SHOULD PEOPLE IN THE COVID-19 “mainstream” acknowledge and apologize for their errors? Self-examination and accountability are always good. But if there needs to be a “reckoning” for those who may have advocated unnecessarily harsh COVID restrictions or needlessly onerous precautions, then let’s have a little accountability for the “dissidents,” as well. Have any of them apologized for predicting that COVID would kill only a few thousand Americans? For wrongly claiming that the pandemic was basically over when it wasn’t? For pushing junk remedies like ivermectin and hydroxychloroquine?
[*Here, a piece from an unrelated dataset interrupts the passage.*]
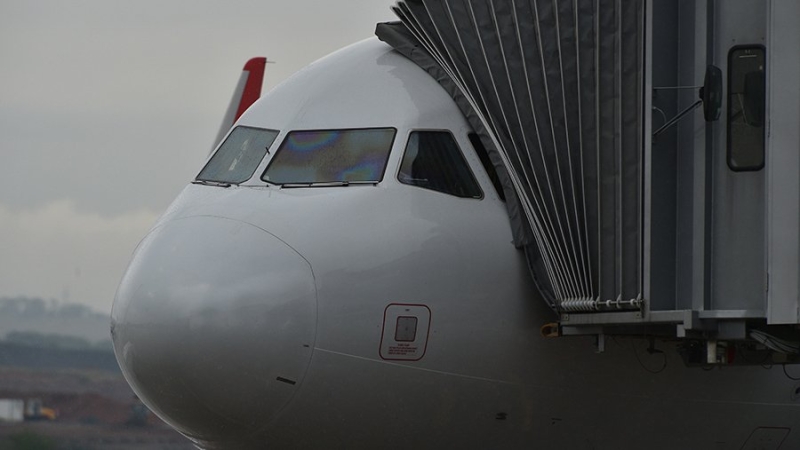 Прямые авиарейсы из России в Марокко возобновят со 2 мая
And, above all, for trying to undermine and discredit vaccination, which has unquestionably saved countless lives and has allowed millions to resume a normal life?
Spoiler: No, they haven’t. Instead, the right has been having, in Jonathan Chait’s caustic phrase, “a kind of anti-reckoning” in which holders of bad COVID opinions get rewarded with positions of power that make them look like the winners in the scientific debate. For instance, Stanford professor Jay Bhattacharya was just confirmed as the director of the National Institutes of Health; his COVID contrarianism includes the claim, in a March 2020 Wall Street Journal column, that the U.S. death toll for COVID-19 would likely end up being 20,000 to 40,000 Americans, comparable with the seasonal flu.
The double standard is obvious—and it’s a problem. As long as only the “normies” are expected and even pushed to admit their errors and failings, the “dissenters” will always use such admissions as an opportunity to cry vindication.